WICHITA, Kansas – Kansas College Republicans say their conservative and religious views led to their decision to officially oppose the death penalty.
“It actually is against my religion,” said Paige Hungate, a WSU sophomore and chairwoman of the WSU Republicans. “I believe that life begins at conception and ends at natural death and I don’t think there should be any deviation between those two.”
“We wanted to be truly, 100% pro-life. If one innocent person is put to death than it’s not worth the policy,” said State Chair for the Kansas Federation of College Republicans Dalton Glasscock, a Junior at WSU. He says the overall cost as well as a distrust of government also went into the decision.
By passing a resolution in support of repealing the death penalty KSFCR hopes to change the mindset of their party and ultimately get rid of the death penalty in Kansas.
“Let people know there is a change and shift and its okay to differ on some issues and that’s how you actually make real changes in the party,” Glasscock said.

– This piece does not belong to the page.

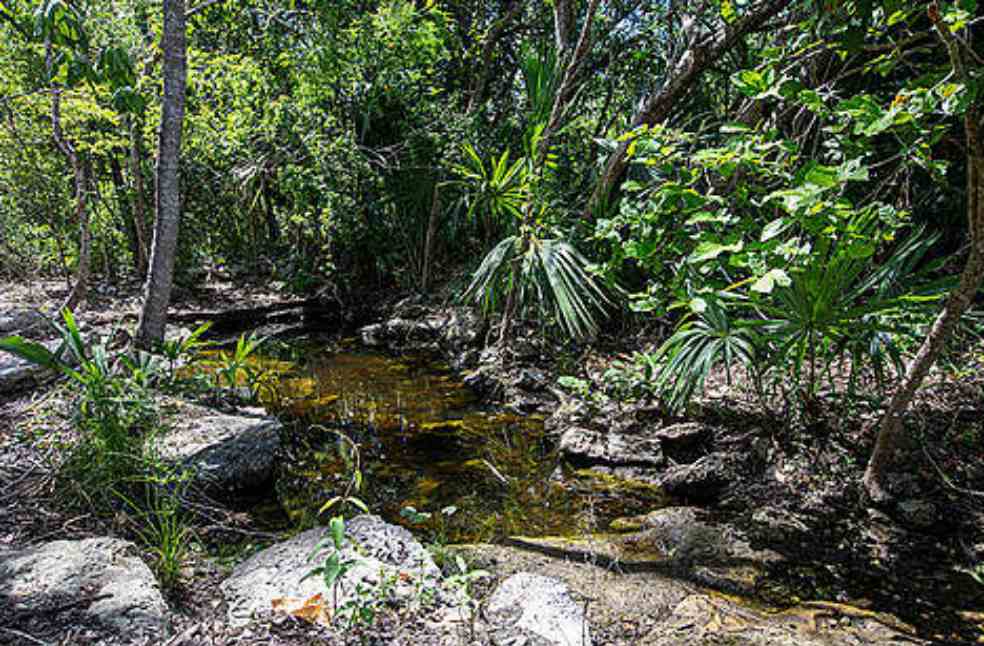Greenpeace finds faecal bacteria in Mexico’s Yucatan water sources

Right now the Kansas Republican Party isn’t taking a side on the controversial issue.
“We are neutral we’re not technically for or technically against because many of our members have such passion on this issue,” said Kansas Republican Party Chair Kelly Arnold.
Arnold said a move by the college Republicans could certainly get the party talking by the time they vote on their official platform in 2017.
“I fully expect this to be a hot issue at that meeting. It could sway some votes,” he said.
“I think we have a lot of good talking points on it,” said Hungate.
“It’s okay to challenge what you’ve always believed and come up with different opinions, different ideas and really debate those ideas back and forth,” Glasscock said. He says he has already gotten positive feedback from some Republican leaders.
The death penalty has been banned several times in Kansas, but was re-instated in 1994. However, no one has been executed in Kansas since 1965.